Many of us have a safe place to call home. For most, home is somewhat close to family, friends, a community, or a job. It took author and essayist Pam Houston until she was in her thirties to find her home, and she didn't choose it to be close to work or family. A four hour drive from the Denver airport, nestled among rivers and mountain peaks, Houston's 120-acre ranch is both the setting and the focus of her memoir, Deep Creek: Finding Hope in the High Country.

The book unfolds in the form of personal essays. Some of these recall the events of the author's childhood, during which she was neglected by her mother and violently and sexually abused by her father. As we learn the details of her early life, we come to understand how and why her ranch has become her sanctuary. Each essay is followed by short, italicized "ranch almanac" entries that anchor the memoir to its setting and detail the finer points of ranch management, such as the importance of finding high-quality hay, or how to saw off a ram's inward-growing horns with burning metal.

Houston has relationships with friends, fellow writers, students and the residents of the small Colorado town of Creede – but the main characters in her memoir aren't the people. Instead, her story centers around the animals on her ranch, both resident and wild; the history of the acreage in its structures and ghosts; and the trees, flowers and contours that make up the landscape. At one point she mentions a handful of books that had "shaped [her] sensibility as a young writer." Among them are Annie Dillard's Pilgrim at Tinker Creek and Aldo Leopold's A Sand County Almanac. Echoes of those works are evident in Houston's awe of the natural world and her stewardship of the land. She says, "right from the beginning I've felt responsible for these 120 acres, and for years I've painted myself both savior and protector of this tiny parcel of the American West."

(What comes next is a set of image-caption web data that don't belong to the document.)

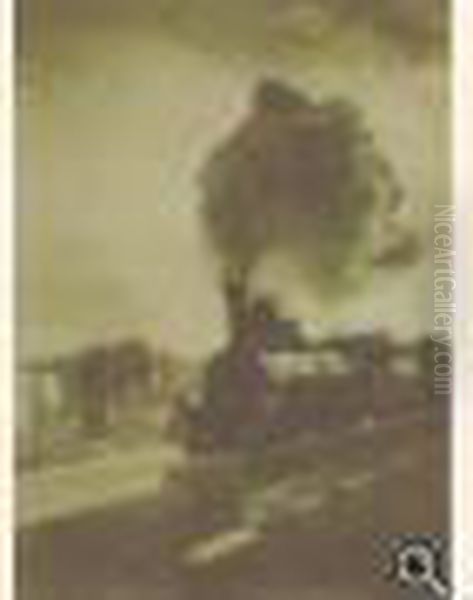Locomotive Et Sa Fumee, 1887. - view 1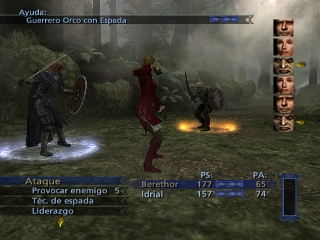 Gameplay screenshot for The Lord of the Rings: The Third Age
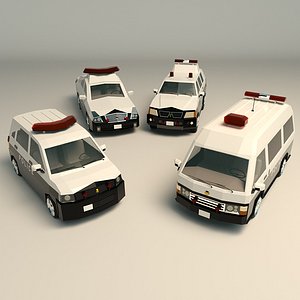 3D model police japanese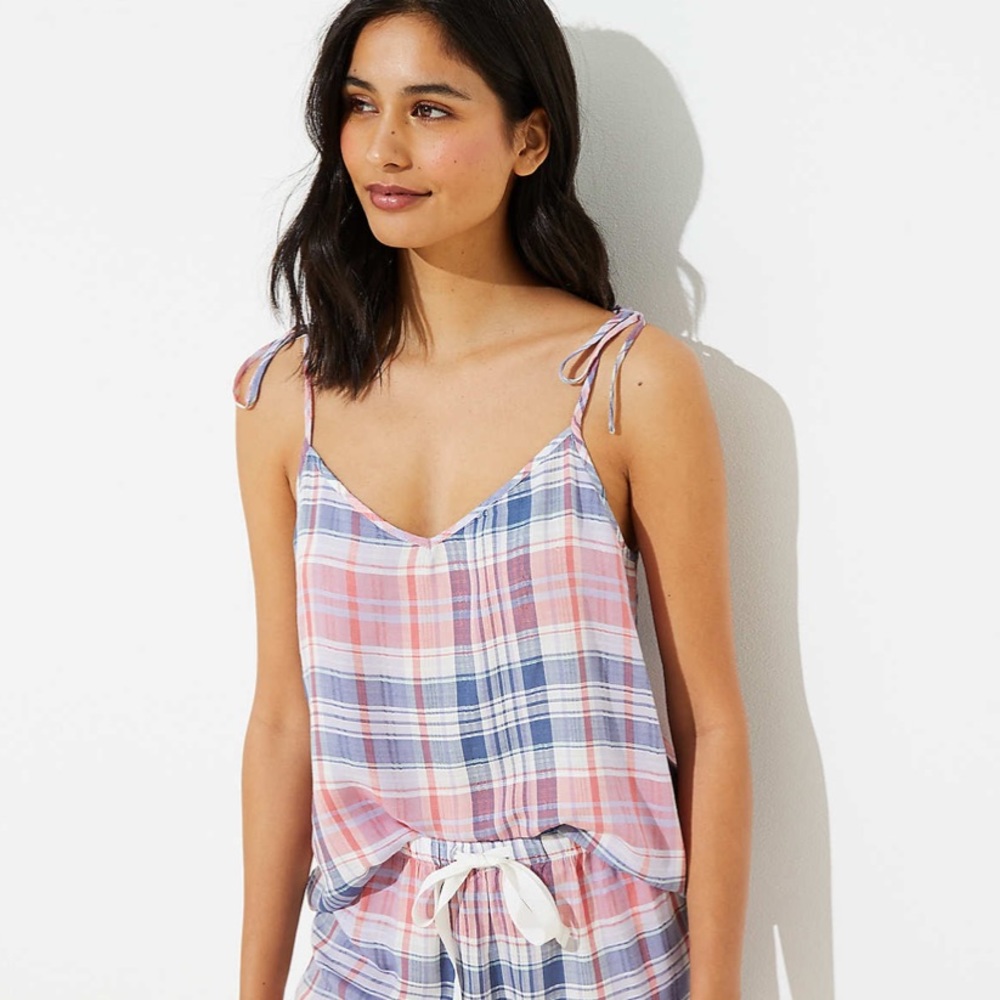 Plaid Pajama Cami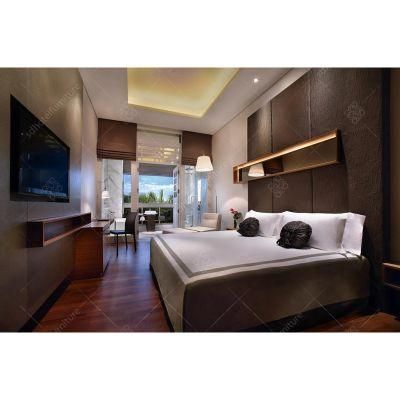 4 Star Modular Plywood Hotel Bedroom Furniture for Apartment Hotel (KL 103)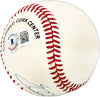 Eddie Taubensee Autographed Official NL Baseball Cincinnati Reds, Cleveland Indians Beckett BAS QR #BL93640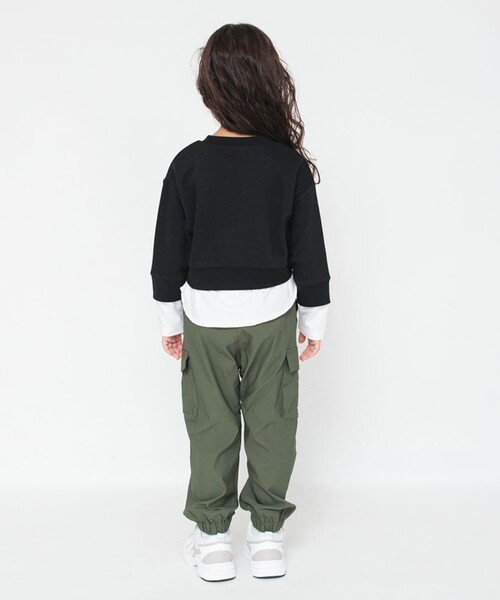 BRANSHES（ブランシェス）の「ストレッチツイルカーゴパンツ（カーゴパンツ・キッズ・ライトグレー/カーキ・130/150/100/120/110/140/90）」の7枚目の写真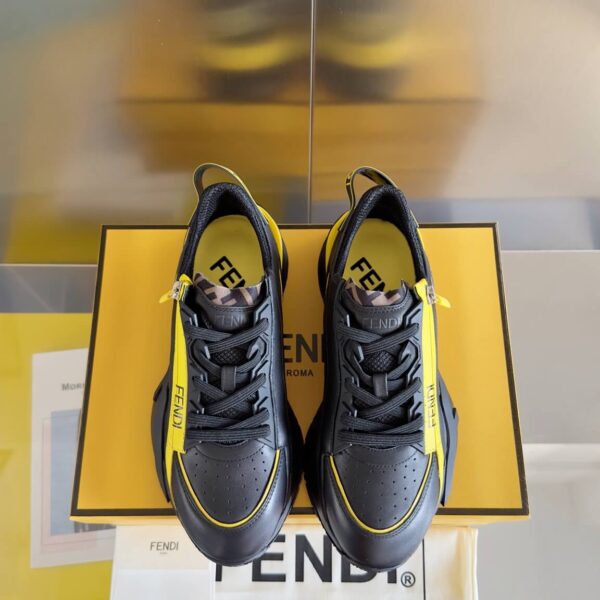 Fendi Flow Men's Leather Sneakers - Image 6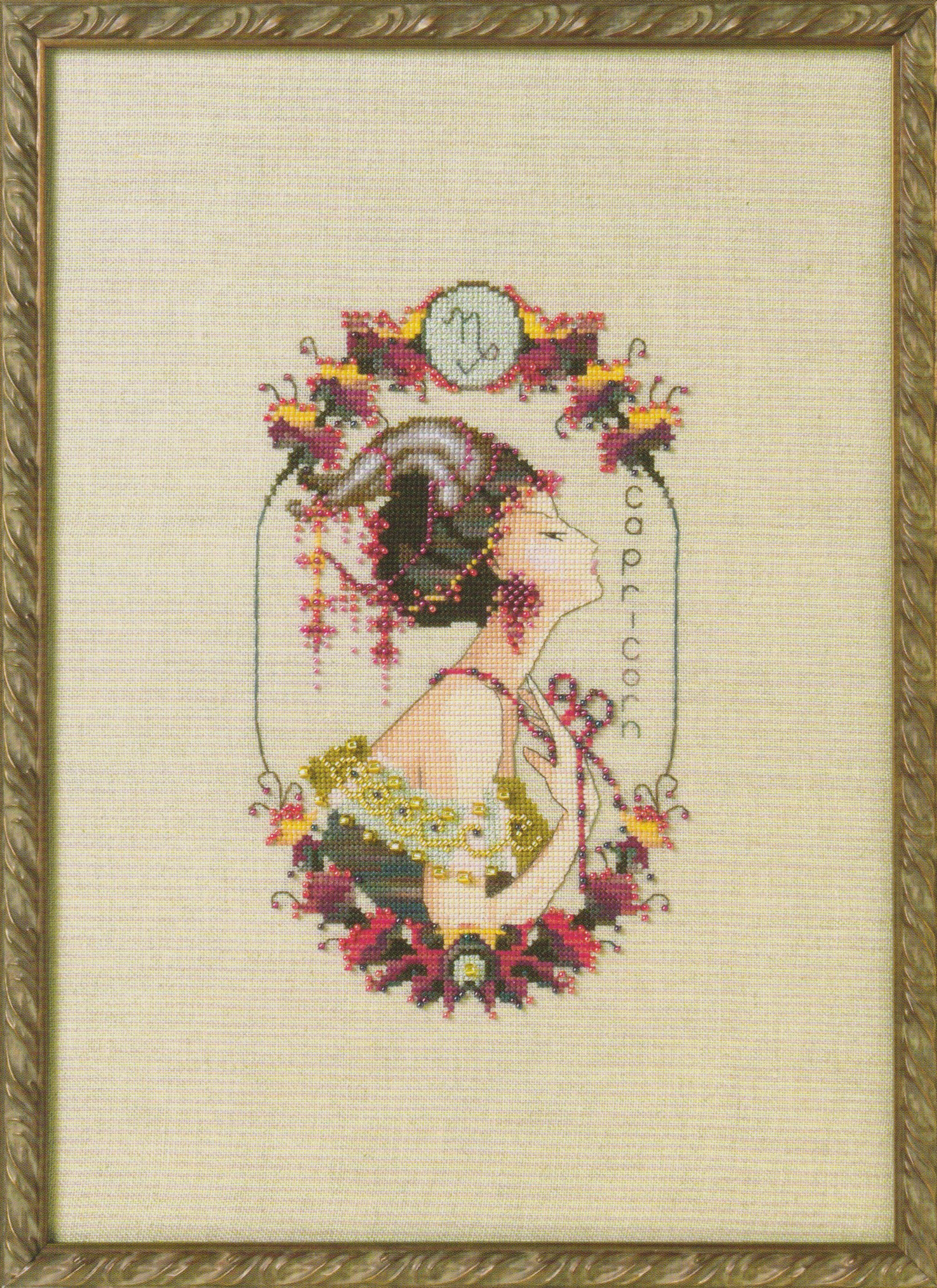 Capricorn - Zodiac Girls - Cross Stitch Pattern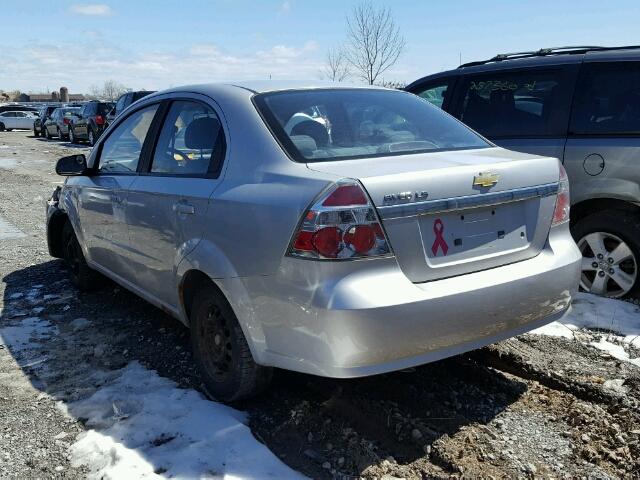 KL1TD55698B172465 - 2008 CHEVROLET AVEO BASE Gümüş foto 3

Her longest essay, "Diary of a Fire," spans mid-June through July 2013, when one of the largest wildfires in Colorado history was sparked by lightning that struck 15 miles from Houston's ranch (see Beyond the Book). In this essay, she relays the fire reports, and learns – and teaches us – the USDA Forest Service terminology. Weather reports and memos from online emergency bulletins gain new urgency as she carefully watches temperature, relative humidity, precipitation and wind speed readings, holding onto the hope that the rivers, the aspens, or the continental divide would somehow protect her ranch. As she writes the check for her final mortgage payment, she wonders about the irony, noting "the fire [was] still burning a half mile from my kitchen."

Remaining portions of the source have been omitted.